[Crawled caption data]
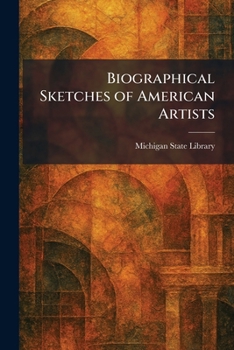 Biographical Sketches of American Artists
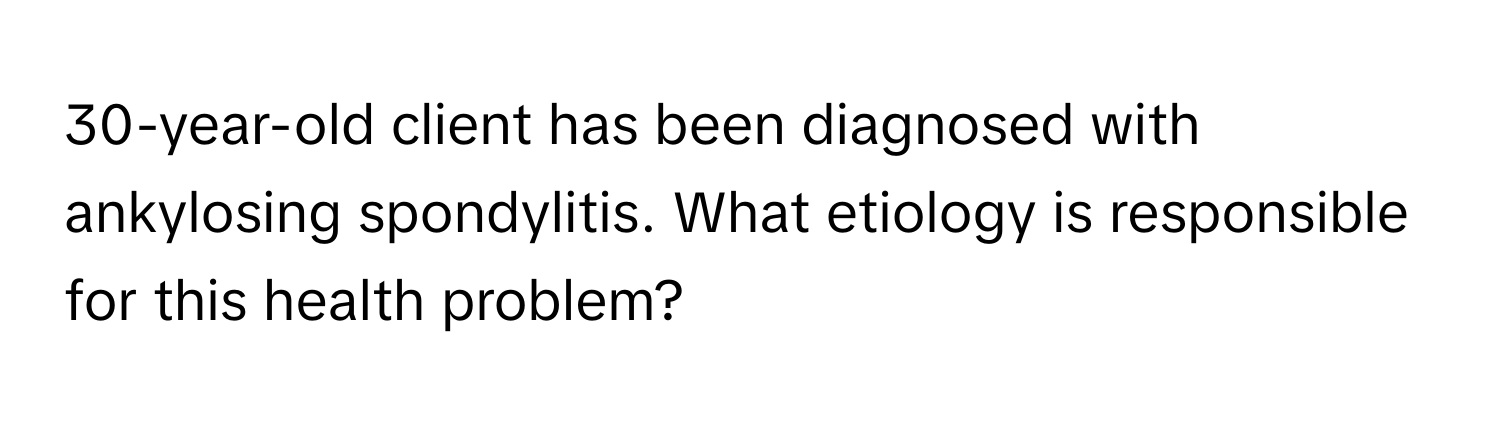 30-year-old client has been diagnosed with ankylosing spondylitis. What etiology is responsible for this health problem?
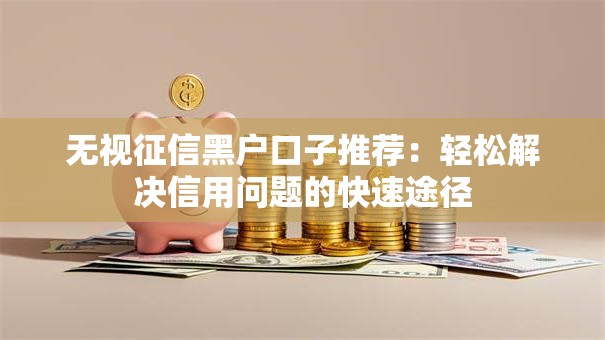 无视征信黑户口子推荐：轻松解决信用问题的快速途径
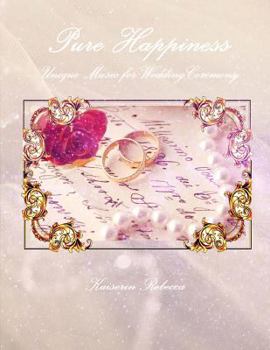 Paperback Pure Happiness: Unique Music for Wedding Ceremony Book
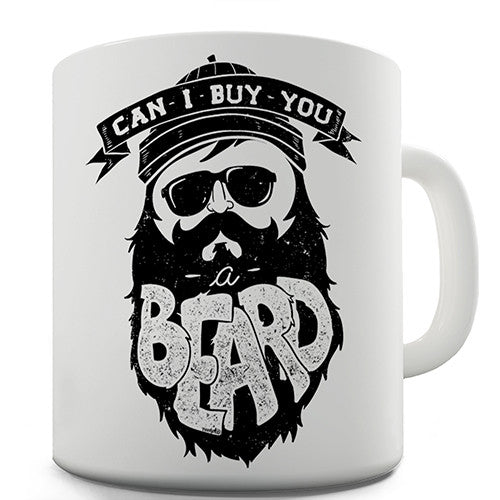 Can I Buy You A Beard Novelty Mug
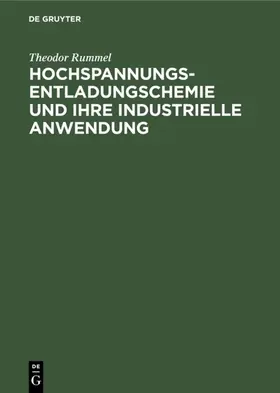 Rummel | Hochspannungsentladungschemie und ihre industrielle Anwendung | E-Book | sack.de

Try it: Every entry, word for word, should be given again; the pictures are not part of the copy.

Response below:
 Biographical Sketches of American Artists
 30-year-old client has been diagnosed with ankylosing spondylitis. What etiology is responsible for this health problem?
 无视征信黑户口子推荐：轻松解决信用问题的快速途径
 Paperback Pure Happiness: Unique Music for Wedding Ceremony Book
 Can I Buy You A Beard Novelty Mug
 Rummel | Hochspannungsentladungschemie und ihre industrielle Anwendung | E-Book | sack.de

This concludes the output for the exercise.